Roses are Red, Violets are Blue, My vagina is Red, Im on my period.

What did the french toast say to the french fry? I don't know, I don't speak french.

Shark week? More like owl week. Hoo!

What did the woman say when she ate crabs. This smells like my vagina (This women died slowly from crabs)

If your mom is a teacher and your dad is a gynecologist, how many pancakes does it take to stack on top of a dog house roof? 12. Because footballs don't have feathers.

How do you call leprechaun with leprosy? Sick.

What did the disrespectful cow say to his parents? Mooo. I hate you both

Your mom's so fat that when she stepped on the scale at the doctors office the doctor said " hey i wanted your weight not your phone number"
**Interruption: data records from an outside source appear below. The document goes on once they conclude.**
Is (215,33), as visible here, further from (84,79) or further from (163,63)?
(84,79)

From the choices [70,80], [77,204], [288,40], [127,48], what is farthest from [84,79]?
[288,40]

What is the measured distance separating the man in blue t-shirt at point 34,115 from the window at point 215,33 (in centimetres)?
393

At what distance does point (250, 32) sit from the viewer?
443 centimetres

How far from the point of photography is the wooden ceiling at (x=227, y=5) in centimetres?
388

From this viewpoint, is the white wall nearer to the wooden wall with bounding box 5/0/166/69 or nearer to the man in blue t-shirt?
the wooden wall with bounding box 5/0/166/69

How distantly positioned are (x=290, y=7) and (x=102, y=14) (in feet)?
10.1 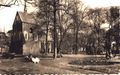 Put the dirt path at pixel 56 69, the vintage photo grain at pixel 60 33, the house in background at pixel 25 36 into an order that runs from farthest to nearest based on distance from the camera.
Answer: the house in background at pixel 25 36 < the vintage photo grain at pixel 60 33 < the dirt path at pixel 56 69

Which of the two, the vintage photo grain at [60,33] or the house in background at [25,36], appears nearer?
the vintage photo grain at [60,33]

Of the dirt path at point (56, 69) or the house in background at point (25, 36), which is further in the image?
the house in background at point (25, 36)

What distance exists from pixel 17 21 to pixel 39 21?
17.4 feet

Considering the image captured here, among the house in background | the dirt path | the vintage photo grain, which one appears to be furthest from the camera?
the house in background

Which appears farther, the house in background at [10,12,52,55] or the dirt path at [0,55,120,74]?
the house in background at [10,12,52,55]

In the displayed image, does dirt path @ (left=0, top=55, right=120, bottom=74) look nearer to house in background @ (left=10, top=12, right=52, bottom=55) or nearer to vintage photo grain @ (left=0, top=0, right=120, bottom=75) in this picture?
vintage photo grain @ (left=0, top=0, right=120, bottom=75)

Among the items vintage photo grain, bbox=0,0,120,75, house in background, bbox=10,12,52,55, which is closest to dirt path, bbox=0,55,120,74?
vintage photo grain, bbox=0,0,120,75

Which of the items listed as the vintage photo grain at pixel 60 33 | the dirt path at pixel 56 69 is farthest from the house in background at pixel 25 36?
the dirt path at pixel 56 69

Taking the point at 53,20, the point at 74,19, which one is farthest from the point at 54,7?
the point at 74,19

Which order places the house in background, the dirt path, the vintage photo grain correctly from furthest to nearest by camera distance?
1. the house in background
2. the vintage photo grain
3. the dirt path

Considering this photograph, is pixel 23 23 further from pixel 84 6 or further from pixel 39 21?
pixel 84 6

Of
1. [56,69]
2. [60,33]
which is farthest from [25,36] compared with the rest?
A: [56,69]

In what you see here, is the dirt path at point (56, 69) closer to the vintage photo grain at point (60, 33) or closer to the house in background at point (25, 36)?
the vintage photo grain at point (60, 33)

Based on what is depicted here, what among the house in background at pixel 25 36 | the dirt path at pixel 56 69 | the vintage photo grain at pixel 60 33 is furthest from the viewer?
the house in background at pixel 25 36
Awesome! I've just received my free minecraft giftcode! >> minecraftnow.us <

Three men are on a plane (note this is a low altitude plane) they're are going on they're 2nd grizzly bear hunting trip in Alaska. they crash into a mountain and all die. except the pilot. he left the wreckage and died from the freezing temperatures of an Alaskan winter.

I hear eating an apple a day keeps the other apples in check.

How does it change many dyslexics take to a lightbulb.

What do you get when you cross a Minotaur with a snowman? A cold mythological creature.

Anti Joke

What are Antijokes? Anti Jokes (or Anti Humor) is a type of comedy in which the uses is set up to expect a typical joke setup however the joke ends with such anticlimax that it becomes funny in its own right. The lack of punchline is the punchline.

Our Updated iOS App!

We've just released huge update to the iOS app! Now, access all your favorite text and photo sites like Anti-Joke, DIYLOL! A few things didn't make the original cut (like comments) but they'll be back soon. Best of all, the app is now FREE! Get it here.

The Anti Joke Book


NEW ANTI-JOKE BOOK!  Now that we've resolved the printing issues with our publisher, check out the BRAND SPANKING NEW Anti-Joke Book!

MOAR??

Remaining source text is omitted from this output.